The north-west outbreak and subsequent hotspot was an incredibly difficult period. It had a huge impact on the region, especially with many members of the Mersey electorate who were directly impacted by loved ones with COVID-19 and the necessary restrictions of the quarantine and wider lockdown processes. We still have a lingering memory of those times and we have no desire to revisit them.
I also pay tribute to the essential workers in health and retail who maintained essential services with stoicism, courage and great fortitude, when the majority of us were able to stay at home in relative safety at a time when so much was unknown. Managing the COVID-19 threats - both tangible and intangible - to the wellbeing of our proud island state has rightly been at the forefront of our thinking, especially as we look to the rollout of the vaccination process and the future of our community.
I note with interest the report of the Premier's Economic and Social Recovery Advisory Council - PESRAC. I acknowledge the Premier's commitment to accepting all of its 52 recommendations. Within those recommendations there are many points of interest that point to future opportunities and complement ongoing initiatives.
It is with this context that I frame the following comments and observations. Like many of us in this place, I speak from a position of experience. As a former Latrobe councillor for 20 years and mayor for 12 years, I have been party to significant growth and development and the associated strategic implications - especially as Latrobe is one of the fastest growing municipalities in Tasmania and has been for many years - together with the initiation of the Devonport Living City project and the ongoing business and community developments in my Mersey electorate.
The COVID-19 crisis has left the future of many businesses and jobs in doubt, and many are still navigating their way forward.
Sitting suspended from 1 p.m. to 2.30 p.m.
[2.57 p.m.]
Mr GAFFNEY (Mersey) - Mr President, from a national perspective, the scaling down of the federal JobKeeper and JobSeeker payments may yet lead to a new local issue that will need to be addressed.
However, the Government's move to support development has led to an extraordinary situation, where a thriving construction industry and national confidence in housing fuelled by low interest rates have seen booming house prices and surging rents across Tasmania. Add to this the mainland exodus to our island state that has seen challenging times for many of my constituents who are struggling to find housing they can afford in a tight rental and sales market. I can only hope the Government's housing support initiatives together with its headworks holiday will encourage more developers to release blocks for developments to meet the demand for housing and return the market back to some sense of normality.
The other issue developing with our construction boom is a shortage of skilled trades professionals. One of the Government's proposed solutions is the evolution of the TasTAFE into a government business enterprise. I understand the Government's interest in expanding the scope of TasTAFE central training service that so many employers and student have come to know and trust. My concern is this step - one that I hope will achieve what the Premier expects - will not be a step blindly into the unknown. The strength of TasTAFE comes from its committed staff who have a direct interest in supporting their students to be the best they can be.
If the proposed restructure leads to a higher course fees and a period of instability as these changes establish themselves, are we going to see students laden with debt and dissatisfied industry clients? Especially if TasTAFE is to become a fully commercial enterprise that has to compete with private training providers who will naturally attempt to cherrypick the most lucrative parts of skills training for their own benefit.

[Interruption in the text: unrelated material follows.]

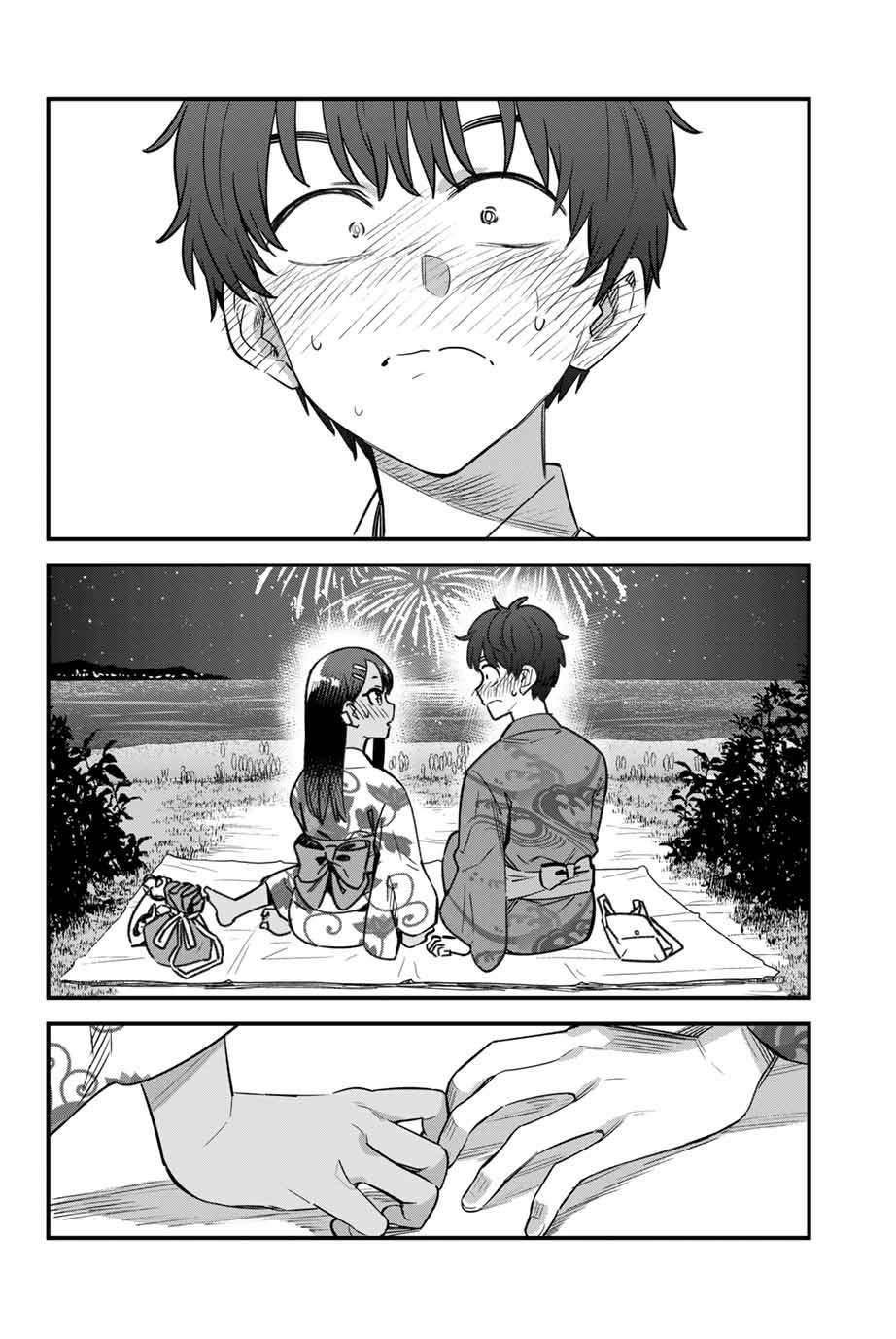 Ijiranaide, Nagatoro-san Chapter 152 - halaman 25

In addition to this, how will this new TasTAFE structure partner with the Education department seeing growing enrolments in school- and college-based vocational education and training courses. I have to reference Don College in my own electorate which has a hugely popular range of VET courses that are oversubscribed with facilities that do not allow the pent up student demand to be fully met - a huge opportunity for expansion that the new TasTAFE may see as a future competitor to its activities. I hope the Government can find a way to support our schools and colleges through this.
While I am on the subject of education, I am sure all members fully appreciate the value of education in developing the future life chances of the young people in our constituencies. For those coming from less advantaged backgrounds, a high-quality education is a route that offers better employment and greater chances for successful lives and satisfying careers. For these young people, often there is only one shot at this, and it has to be right.
I welcome the Government's focus on helping more students to successfully complete year 12. The Don College has been supporting this for many years with inspired leadership, active industry partnerships, and a keen understanding and analysis of where its students go on to, be it further education, employment or apprenticeships.
The COVID-19 pandemic has redefined the delivery of education and brought new challenges to bear for both staff and students in all our schools and colleges. With the challenges brought to student wellbeing in such a turbulent time, it is deeply gratifying to see the Government commit additional funding to fully support phases 1 and 2 of the Child and Adolescent Mental Health Services review.
The extra 80 full-time equivalent (FTE) professional staff for our schools to support children and young people impacted by trauma builds on its previous funding commitments in this area. This will be welcomed by TANA - the Trauma Awareness Network Australia - a north-west-based organisation whose essential work I fully support and which I have spoken about many times.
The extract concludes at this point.